• **WHAT NEEDS TO BE DONE**
Taking the records below, count the lines in which "Lake" appears and supply only the count.

--- GIVEN DATA Enclosed Below ---

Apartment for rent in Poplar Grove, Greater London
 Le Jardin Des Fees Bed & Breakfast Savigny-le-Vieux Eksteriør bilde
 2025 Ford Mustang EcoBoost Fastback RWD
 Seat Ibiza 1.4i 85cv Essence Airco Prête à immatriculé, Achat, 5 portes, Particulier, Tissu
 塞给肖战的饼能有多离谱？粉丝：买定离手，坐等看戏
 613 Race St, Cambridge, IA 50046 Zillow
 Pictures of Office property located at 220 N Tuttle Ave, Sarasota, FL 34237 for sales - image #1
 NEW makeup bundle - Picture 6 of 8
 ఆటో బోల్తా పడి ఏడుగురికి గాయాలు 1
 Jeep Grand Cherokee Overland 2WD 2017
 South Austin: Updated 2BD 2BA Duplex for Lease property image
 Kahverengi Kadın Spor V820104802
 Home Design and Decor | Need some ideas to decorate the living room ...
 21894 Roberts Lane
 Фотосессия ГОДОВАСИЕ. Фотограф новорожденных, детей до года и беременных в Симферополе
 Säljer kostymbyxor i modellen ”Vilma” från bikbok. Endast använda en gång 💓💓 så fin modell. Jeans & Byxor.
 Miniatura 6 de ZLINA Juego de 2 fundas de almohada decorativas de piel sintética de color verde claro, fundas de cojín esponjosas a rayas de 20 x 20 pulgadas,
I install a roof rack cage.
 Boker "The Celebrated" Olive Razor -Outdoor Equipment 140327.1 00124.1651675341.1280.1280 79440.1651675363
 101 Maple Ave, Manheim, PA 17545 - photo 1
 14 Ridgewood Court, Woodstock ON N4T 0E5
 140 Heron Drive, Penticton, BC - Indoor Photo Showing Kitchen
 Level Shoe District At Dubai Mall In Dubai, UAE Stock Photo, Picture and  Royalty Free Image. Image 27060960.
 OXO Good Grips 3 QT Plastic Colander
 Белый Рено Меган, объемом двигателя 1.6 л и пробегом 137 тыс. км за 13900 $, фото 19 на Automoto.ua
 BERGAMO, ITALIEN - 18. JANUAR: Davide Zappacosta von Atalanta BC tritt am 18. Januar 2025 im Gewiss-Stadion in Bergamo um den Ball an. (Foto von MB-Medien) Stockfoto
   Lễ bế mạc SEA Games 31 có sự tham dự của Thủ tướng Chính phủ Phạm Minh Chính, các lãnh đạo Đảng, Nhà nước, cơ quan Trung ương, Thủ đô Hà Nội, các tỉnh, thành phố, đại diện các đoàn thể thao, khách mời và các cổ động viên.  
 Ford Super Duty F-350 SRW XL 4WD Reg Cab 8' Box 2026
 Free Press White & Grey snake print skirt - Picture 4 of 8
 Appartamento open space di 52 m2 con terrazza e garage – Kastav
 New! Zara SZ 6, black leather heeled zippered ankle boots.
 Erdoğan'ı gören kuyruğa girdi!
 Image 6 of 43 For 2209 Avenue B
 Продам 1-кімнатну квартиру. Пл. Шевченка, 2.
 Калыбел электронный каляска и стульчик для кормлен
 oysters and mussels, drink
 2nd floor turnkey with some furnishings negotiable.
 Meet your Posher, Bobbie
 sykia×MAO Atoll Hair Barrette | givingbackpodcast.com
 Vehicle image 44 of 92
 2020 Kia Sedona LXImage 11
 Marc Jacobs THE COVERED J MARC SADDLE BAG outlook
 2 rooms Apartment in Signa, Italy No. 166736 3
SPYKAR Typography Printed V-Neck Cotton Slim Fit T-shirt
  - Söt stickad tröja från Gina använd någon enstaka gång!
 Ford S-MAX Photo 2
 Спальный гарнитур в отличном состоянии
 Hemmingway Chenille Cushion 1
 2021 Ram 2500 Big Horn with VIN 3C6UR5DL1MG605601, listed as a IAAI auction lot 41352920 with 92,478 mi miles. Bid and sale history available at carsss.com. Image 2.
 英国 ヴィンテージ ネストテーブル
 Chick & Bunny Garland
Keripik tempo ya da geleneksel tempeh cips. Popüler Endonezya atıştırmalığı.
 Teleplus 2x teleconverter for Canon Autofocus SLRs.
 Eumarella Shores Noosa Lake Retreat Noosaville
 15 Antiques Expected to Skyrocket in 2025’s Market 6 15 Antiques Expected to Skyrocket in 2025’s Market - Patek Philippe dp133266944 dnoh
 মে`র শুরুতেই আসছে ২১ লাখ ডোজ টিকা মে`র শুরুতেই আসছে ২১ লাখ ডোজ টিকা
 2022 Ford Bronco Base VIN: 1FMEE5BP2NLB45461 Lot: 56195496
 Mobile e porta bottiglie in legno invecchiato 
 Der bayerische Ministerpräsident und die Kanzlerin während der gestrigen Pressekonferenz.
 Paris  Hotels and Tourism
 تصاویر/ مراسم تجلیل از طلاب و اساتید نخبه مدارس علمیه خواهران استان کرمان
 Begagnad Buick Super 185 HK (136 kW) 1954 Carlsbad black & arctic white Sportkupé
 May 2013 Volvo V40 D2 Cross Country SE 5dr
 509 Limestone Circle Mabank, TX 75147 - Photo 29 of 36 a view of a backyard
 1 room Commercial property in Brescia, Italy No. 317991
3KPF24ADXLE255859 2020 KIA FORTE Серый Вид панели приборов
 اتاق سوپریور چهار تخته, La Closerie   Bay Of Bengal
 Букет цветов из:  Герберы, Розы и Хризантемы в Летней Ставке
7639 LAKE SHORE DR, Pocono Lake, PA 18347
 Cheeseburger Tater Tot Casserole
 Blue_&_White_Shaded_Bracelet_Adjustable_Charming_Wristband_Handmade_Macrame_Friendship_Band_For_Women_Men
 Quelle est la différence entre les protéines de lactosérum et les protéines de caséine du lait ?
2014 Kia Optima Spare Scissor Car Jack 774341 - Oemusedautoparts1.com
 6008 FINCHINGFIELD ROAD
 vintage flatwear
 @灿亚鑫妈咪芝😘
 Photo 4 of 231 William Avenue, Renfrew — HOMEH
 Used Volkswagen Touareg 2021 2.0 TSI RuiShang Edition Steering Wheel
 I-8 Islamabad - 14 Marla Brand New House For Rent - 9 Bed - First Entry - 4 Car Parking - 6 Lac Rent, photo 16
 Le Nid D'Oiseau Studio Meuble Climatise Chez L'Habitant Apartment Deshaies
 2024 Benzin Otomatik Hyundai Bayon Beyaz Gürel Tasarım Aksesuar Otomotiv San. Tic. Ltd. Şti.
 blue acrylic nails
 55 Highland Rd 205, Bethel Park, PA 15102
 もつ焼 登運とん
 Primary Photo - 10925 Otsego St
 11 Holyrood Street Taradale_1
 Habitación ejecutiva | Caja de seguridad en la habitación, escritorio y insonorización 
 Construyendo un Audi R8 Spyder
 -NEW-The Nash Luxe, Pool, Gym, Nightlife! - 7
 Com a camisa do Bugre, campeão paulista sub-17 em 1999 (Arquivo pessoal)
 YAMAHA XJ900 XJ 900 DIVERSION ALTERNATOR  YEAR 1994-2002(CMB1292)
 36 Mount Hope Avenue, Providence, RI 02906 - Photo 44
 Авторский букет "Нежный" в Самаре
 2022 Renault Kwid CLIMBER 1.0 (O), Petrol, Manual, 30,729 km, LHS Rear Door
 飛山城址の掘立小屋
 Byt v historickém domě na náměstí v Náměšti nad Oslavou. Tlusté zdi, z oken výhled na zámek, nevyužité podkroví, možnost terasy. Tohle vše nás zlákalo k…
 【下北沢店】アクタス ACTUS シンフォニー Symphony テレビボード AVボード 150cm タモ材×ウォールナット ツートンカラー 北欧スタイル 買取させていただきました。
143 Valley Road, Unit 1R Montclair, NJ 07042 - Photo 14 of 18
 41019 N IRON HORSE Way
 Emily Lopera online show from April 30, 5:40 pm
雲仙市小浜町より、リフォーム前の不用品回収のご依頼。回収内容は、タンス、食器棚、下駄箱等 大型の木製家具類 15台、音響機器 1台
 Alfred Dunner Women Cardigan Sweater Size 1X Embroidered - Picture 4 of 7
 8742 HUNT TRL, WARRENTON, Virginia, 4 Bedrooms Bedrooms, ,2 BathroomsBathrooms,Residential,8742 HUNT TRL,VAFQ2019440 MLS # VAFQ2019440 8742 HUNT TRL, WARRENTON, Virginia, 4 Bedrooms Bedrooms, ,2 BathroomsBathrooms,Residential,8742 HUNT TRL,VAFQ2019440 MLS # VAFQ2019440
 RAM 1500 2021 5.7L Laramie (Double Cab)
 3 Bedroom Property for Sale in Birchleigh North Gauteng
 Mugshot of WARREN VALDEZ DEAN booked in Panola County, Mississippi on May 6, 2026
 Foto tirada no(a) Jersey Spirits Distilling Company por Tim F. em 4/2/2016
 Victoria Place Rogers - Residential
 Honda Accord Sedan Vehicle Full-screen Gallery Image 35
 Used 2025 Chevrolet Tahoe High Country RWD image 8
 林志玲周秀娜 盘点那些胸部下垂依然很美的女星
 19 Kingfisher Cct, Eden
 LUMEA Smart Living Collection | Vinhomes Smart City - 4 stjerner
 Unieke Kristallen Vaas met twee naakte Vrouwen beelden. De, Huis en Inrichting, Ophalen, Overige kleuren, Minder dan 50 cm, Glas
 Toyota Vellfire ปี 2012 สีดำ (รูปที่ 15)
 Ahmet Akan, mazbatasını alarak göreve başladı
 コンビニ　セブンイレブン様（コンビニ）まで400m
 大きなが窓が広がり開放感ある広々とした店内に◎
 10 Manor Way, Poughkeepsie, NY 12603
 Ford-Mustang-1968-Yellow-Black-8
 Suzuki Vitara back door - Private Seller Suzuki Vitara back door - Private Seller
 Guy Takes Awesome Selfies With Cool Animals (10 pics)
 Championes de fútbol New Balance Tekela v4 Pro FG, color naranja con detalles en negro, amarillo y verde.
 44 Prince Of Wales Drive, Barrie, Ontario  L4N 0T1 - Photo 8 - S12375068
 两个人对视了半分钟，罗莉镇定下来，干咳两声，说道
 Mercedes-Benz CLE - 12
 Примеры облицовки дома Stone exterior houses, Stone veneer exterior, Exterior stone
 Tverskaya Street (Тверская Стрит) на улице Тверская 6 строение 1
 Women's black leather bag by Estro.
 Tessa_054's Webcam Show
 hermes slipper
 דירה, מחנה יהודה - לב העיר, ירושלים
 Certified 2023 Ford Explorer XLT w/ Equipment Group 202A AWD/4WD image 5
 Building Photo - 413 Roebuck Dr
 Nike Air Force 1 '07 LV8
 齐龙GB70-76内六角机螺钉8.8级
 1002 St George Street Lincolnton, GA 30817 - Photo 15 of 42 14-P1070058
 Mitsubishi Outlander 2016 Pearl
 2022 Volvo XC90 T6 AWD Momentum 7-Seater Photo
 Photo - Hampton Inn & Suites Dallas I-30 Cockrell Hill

--- End of Enclosed GIVEN DATA ---

• **OUTPUT FOR THIS EXERCISE**
2